Lately there’s been a lot of “Who, me?” going on in my mind. It has not even been an entire month since I published my book, and the response has been very positive. Much more so than I expected. Particularly as this book was only a proverbial dipping of my toe into publishing waters.
Consequently I have had people asking for the book to be autographed, been called an ‘author’ on a public platform, been asked to hold a book signing event, to donate copies of my books for a charitable cause, to attend a book club meeting to speak about my book, and also an invitation to enter it into an International Book awards competition.
Who, me?????
Now, don’t get me wrong; I have semi-enjoyed all the attention. Secretly, however, I have been unable to shake off the feeling that I am not deserving of it. After all, this slim volume of six short stories is no ‘War and Peace’. Nor is it Shakespeare. A lot of these stories are from very early on in my writing journey, and I know that I have come a fair way since then.

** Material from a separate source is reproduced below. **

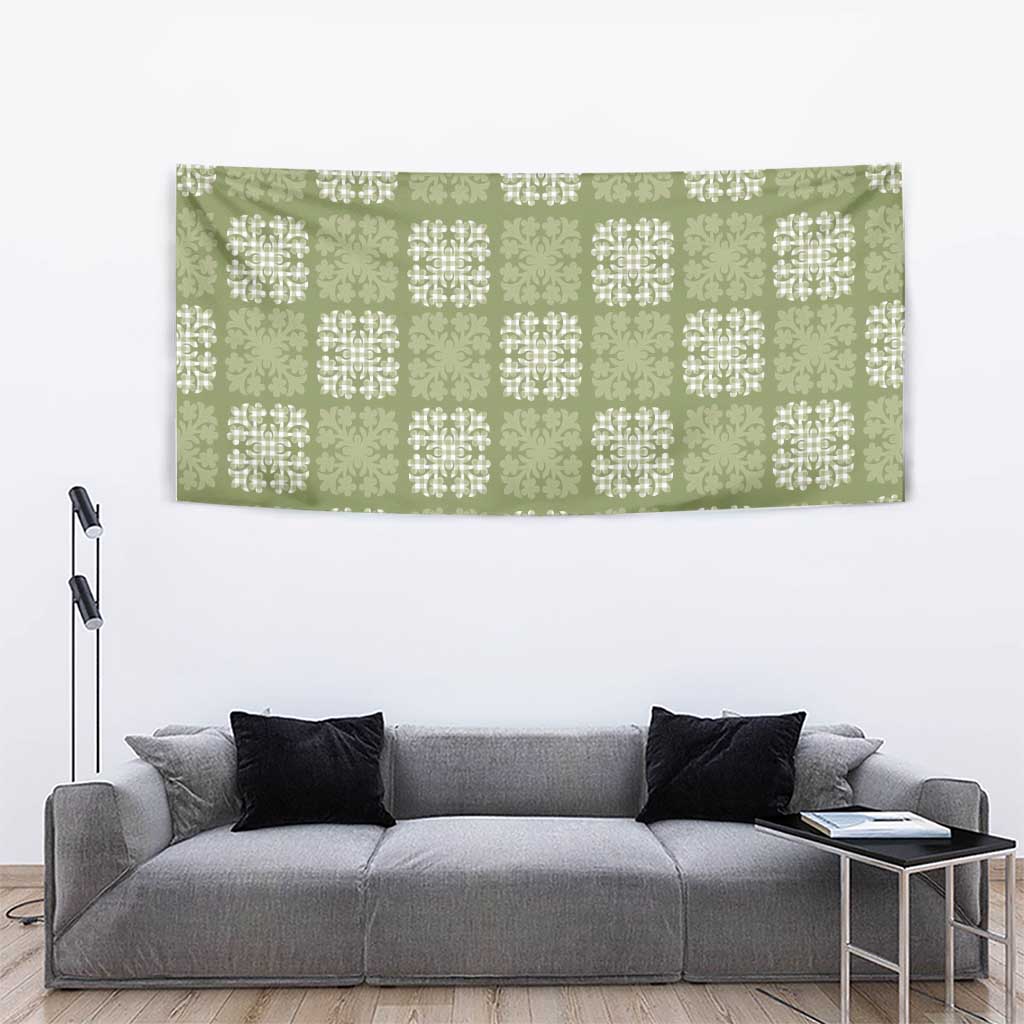 Vesuvian Green Palaka Quilt Hawaii Tapestry Traditional Hawaii-plaid Pattern LT14 - Polynesian Pride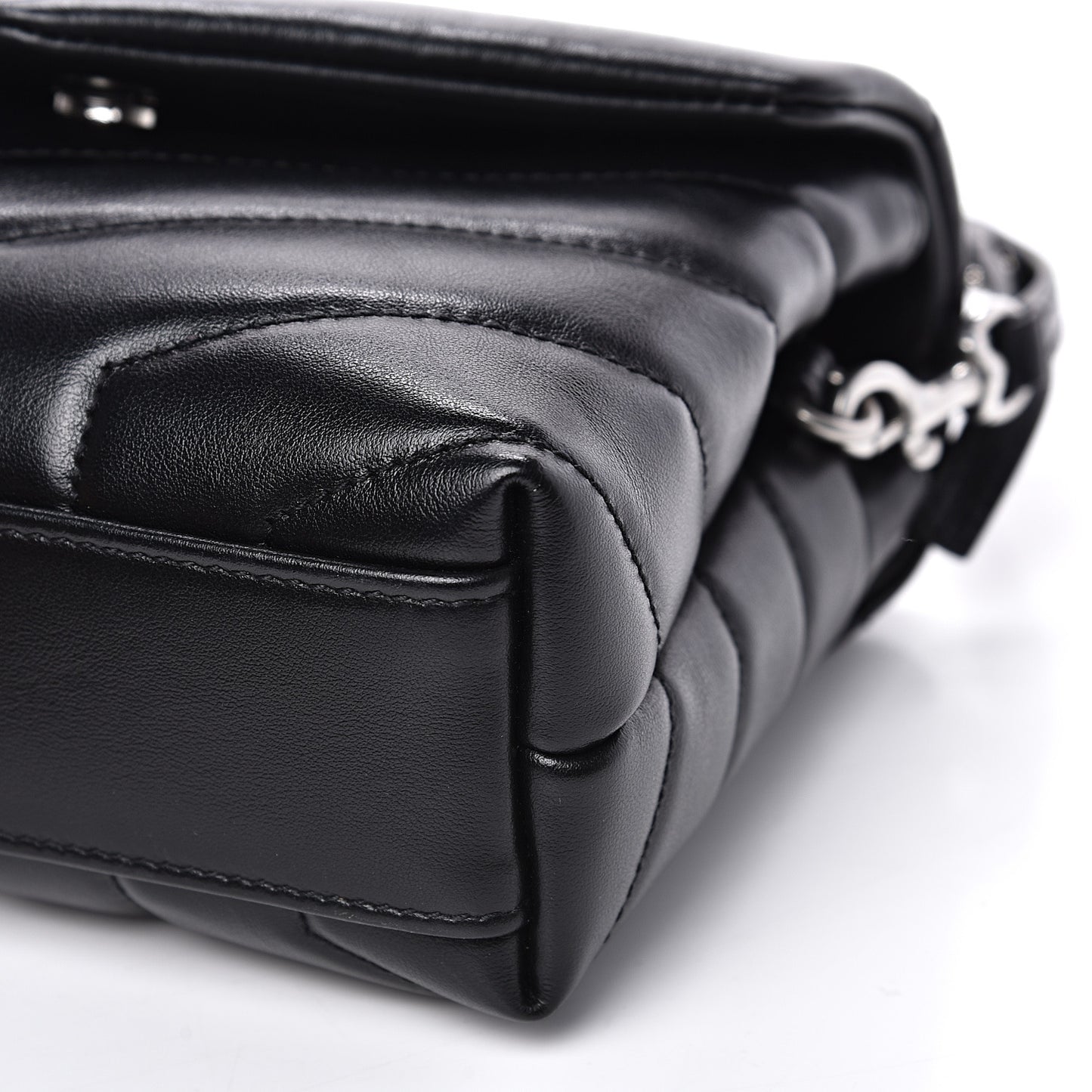 Calfskin Y Quilted Monogram Toy Loulou Crossbody Bag Black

Therefore, I have to wonder if this is some kind of a Tsunami of goodwill that I am witnessing. Colleagues, friends and acquaintances that like me and therefore like my book?
Indie publishing is not an easy task to undertake. It is terribly labour intensive, and for a perfectionist like myself, it means many many sleepless nights. The worst part however, is the marketing side of things. Writers are by nature fairly reclusive people. Even though my friends can vouch for my gregarious and sociable side, they very rarely see the side that just wants to hole up and read or write. So, to actively go out there and promote and advertise my work, has been a very distasteful task.
When the fruits of that labour have started to come in, why am I so meh about it?
I can only put my apathetic response down to the Imposter Syndrome. Defined as a concept describing individuals who are marked by an inability to internalise their accomplishments, and a persistent fear of being exposed as a ‘fraud’.
Yes, me.
The stories are good. I know that. I also know that they are not brilliant. I am not there yet. Hence, all this attention seems overblown and undeserving. That’s the predominant thought in my mind.
On the flip side, I know that this momentum can’t and won’t last. So, why not enjoy it while it does? What’s holding me back?
I dedicated this book to my mother who was my biggest critic and my staunchest advocate while she lived. I often wonder what she would have said, and invariably, this is what I come up with:
Bouquets and Brickbats are par for the course. If you love something, keep on doing it. Give it your best, have no regrets and keep on moving forward, not looking back.
Thank you mummy. That’s exactly what I will do.